Work item>
Type the data below again exactly. Omit all pictures.

Source records
^^^^

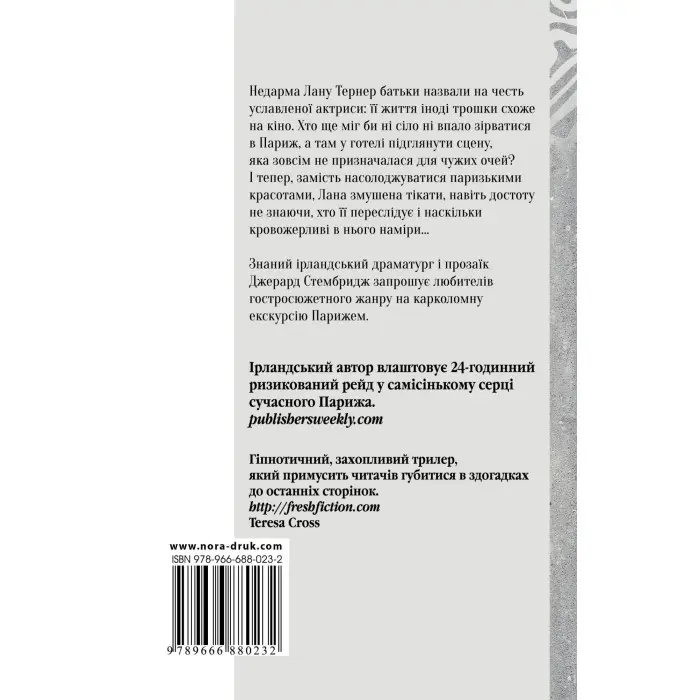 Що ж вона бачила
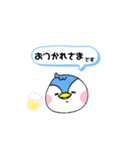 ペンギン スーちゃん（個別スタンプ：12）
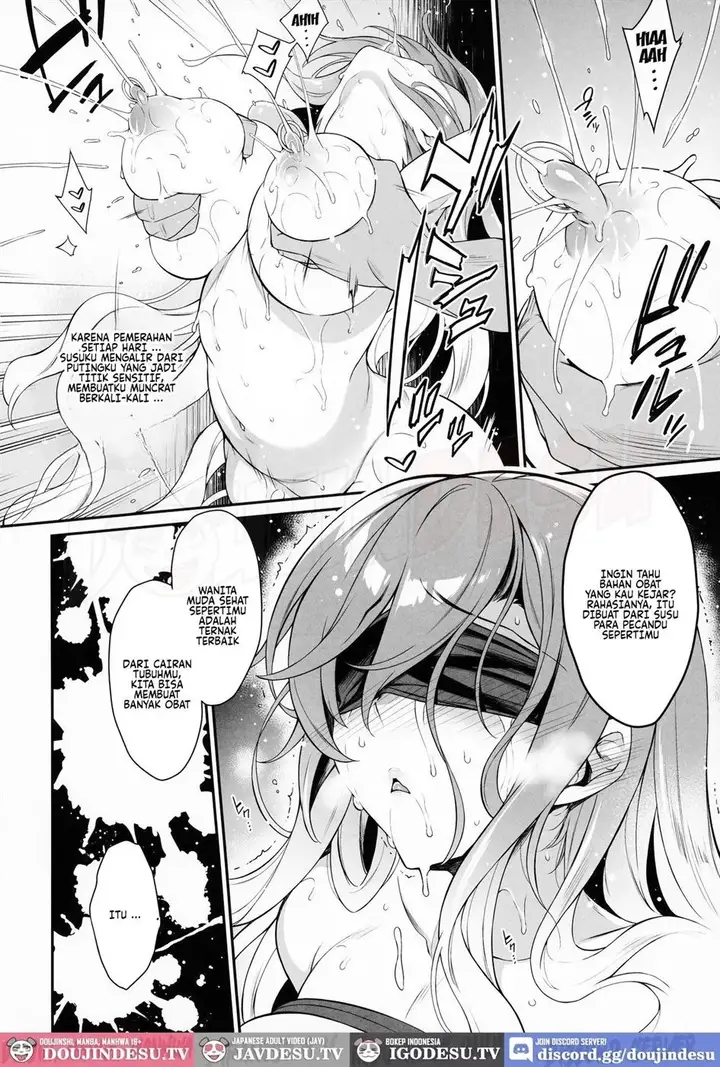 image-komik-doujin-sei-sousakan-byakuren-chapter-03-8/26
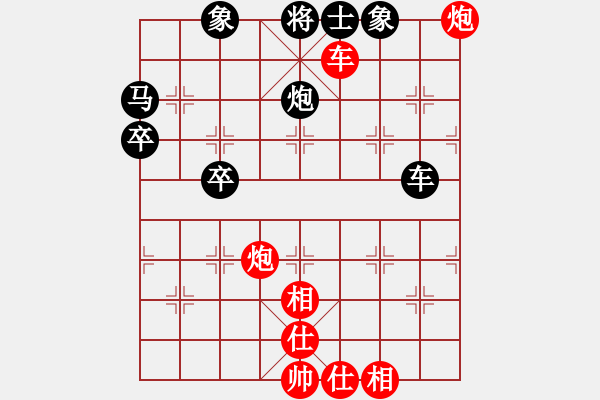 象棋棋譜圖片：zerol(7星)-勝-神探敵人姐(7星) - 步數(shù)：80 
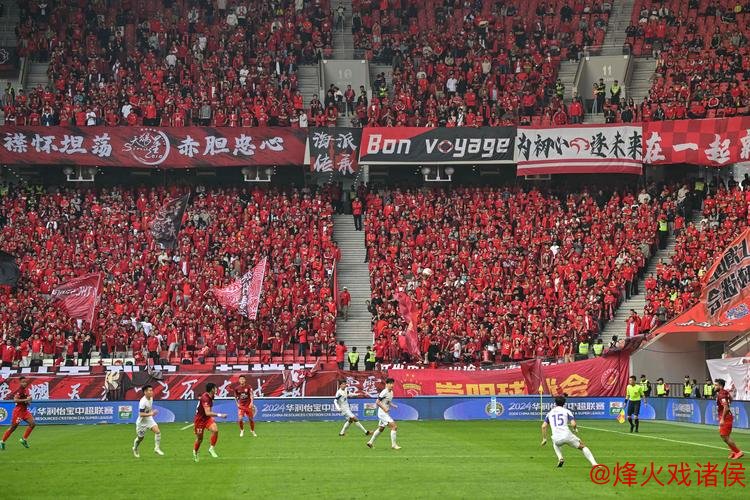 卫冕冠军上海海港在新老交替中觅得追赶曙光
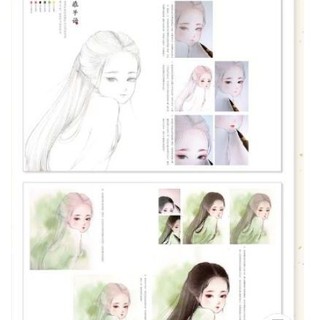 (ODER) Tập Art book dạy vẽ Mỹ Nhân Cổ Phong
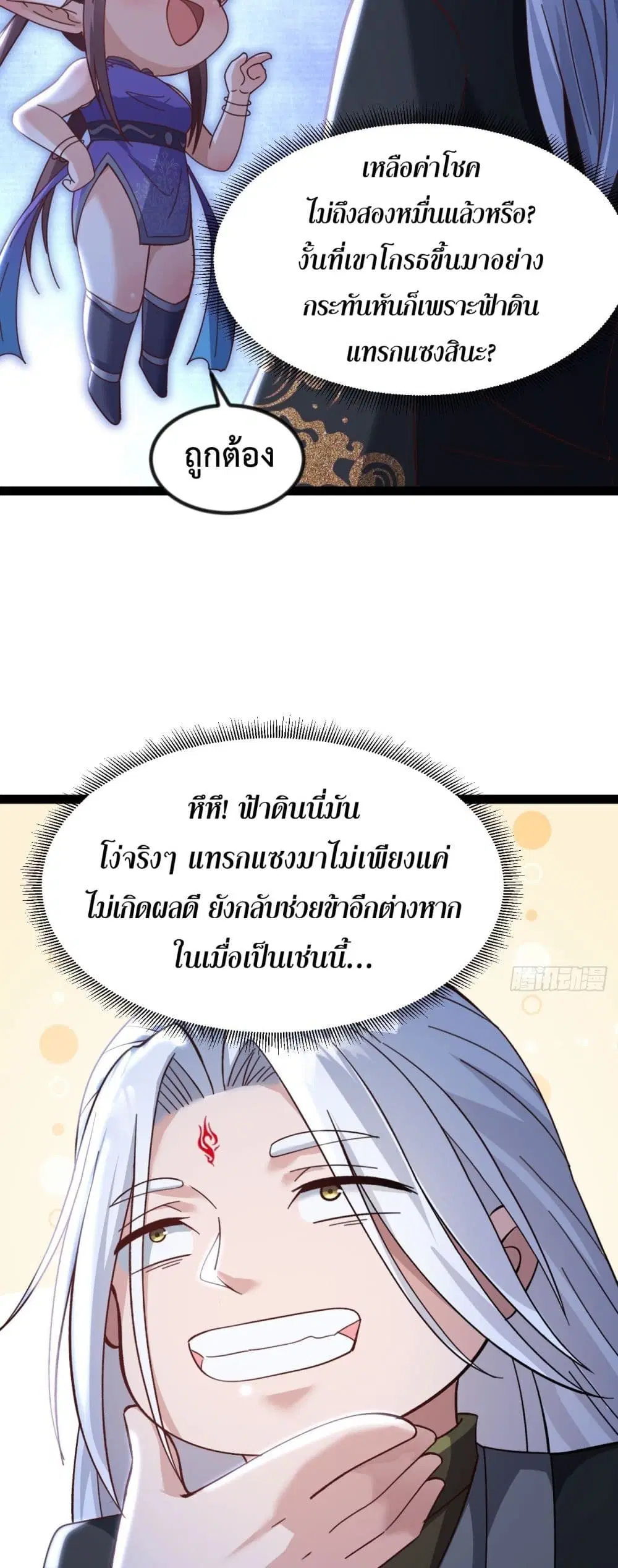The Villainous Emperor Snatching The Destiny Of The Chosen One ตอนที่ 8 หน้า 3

^^^^

Final answer>
 Що ж вона бачила
 ペンギン スーちゃん（個別スタンプ：12）
 image-komik-doujin-sei-sousakan-byakuren-chapter-03-8/26
 象棋棋譜圖片：zerol(7星)-勝-神探敵人姐(7星) - 步數(shù)：80 
 卫冕冠军上海海港在新老交替中觅得追赶曙光
 (ODER) Tập Art book dạy vẽ Mỹ Nhân Cổ Phong
The Villainous Emperor Snatching The Destiny Of The Chosen One ตอนที่ 8 หน้า 3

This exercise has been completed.